== Information provided ==

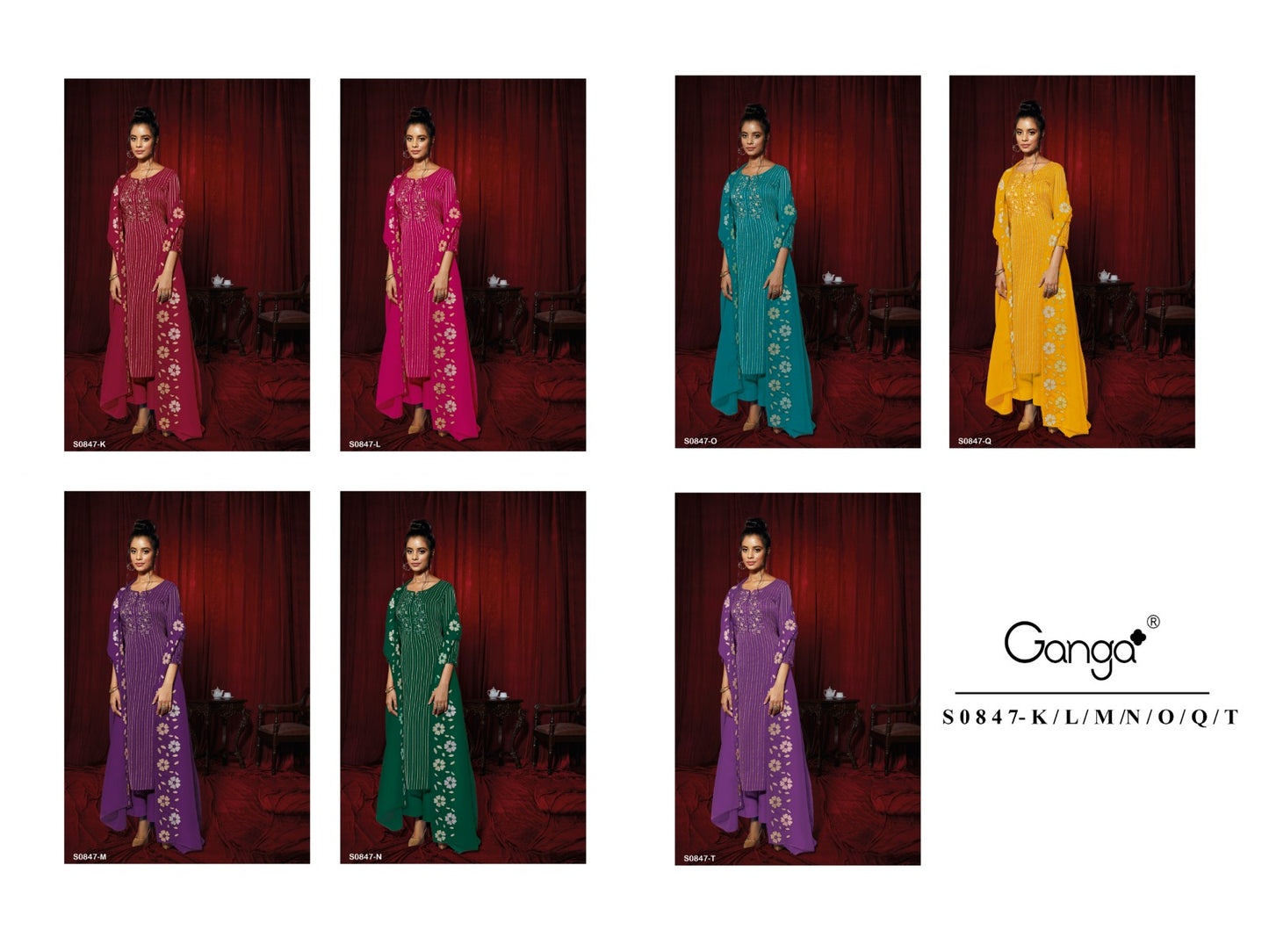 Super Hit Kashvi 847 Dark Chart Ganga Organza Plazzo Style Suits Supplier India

===
== Information provided ==

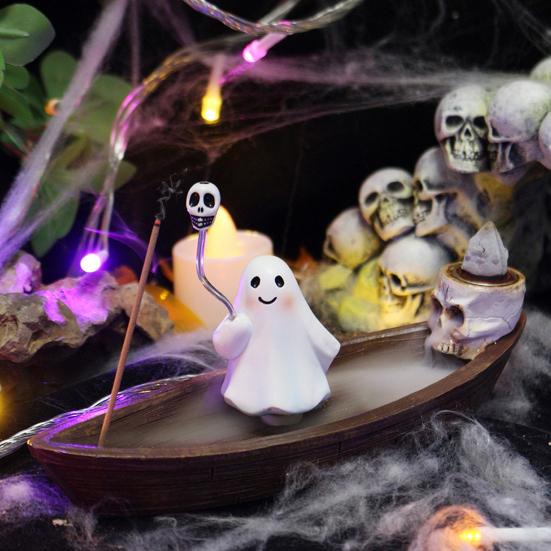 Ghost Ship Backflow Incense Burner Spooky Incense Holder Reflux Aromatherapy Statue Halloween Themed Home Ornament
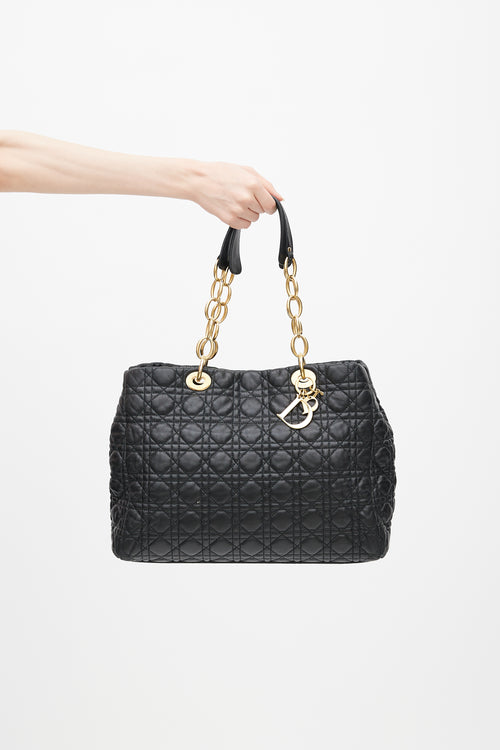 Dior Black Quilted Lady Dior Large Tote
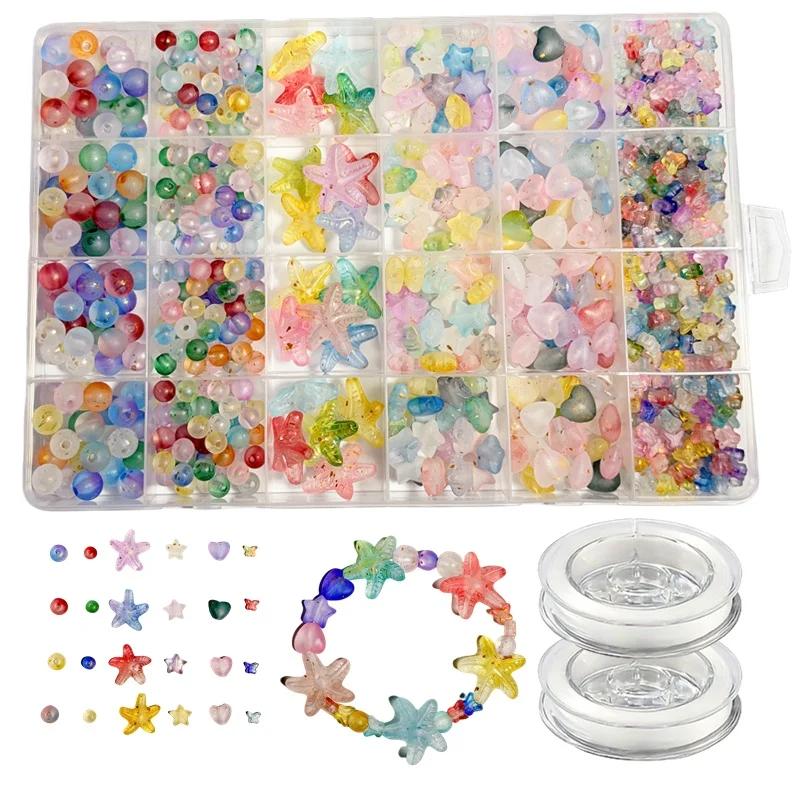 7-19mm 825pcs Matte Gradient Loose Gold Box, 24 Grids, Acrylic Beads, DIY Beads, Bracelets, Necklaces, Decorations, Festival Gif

===
== Information provided ==

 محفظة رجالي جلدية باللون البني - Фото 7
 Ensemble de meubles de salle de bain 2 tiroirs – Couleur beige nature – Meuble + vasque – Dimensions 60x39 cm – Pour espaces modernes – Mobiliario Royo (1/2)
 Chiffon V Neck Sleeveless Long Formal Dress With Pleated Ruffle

===

● **Exercise directions**: Going by the data above, the answer is exactly the lines from the one holding "Ghost Ship Backflow" to the one holding "7-19mm 825pcs Matte", both kept, with the pictures left out.

● **Expected answer**:
 Ghost Ship Backflow Incense Burner Spooky Incense Holder Reflux Aromatherapy Statue Halloween Themed Home Ornament
 Dior Black Quilted Lady Dior Large Tote
 7-19mm 825pcs Matte Gradient Loose Gold Box, 24 Grids, Acrylic Beads, DIY Beads, Bracelets, Necklaces, Decorations, Festival Gif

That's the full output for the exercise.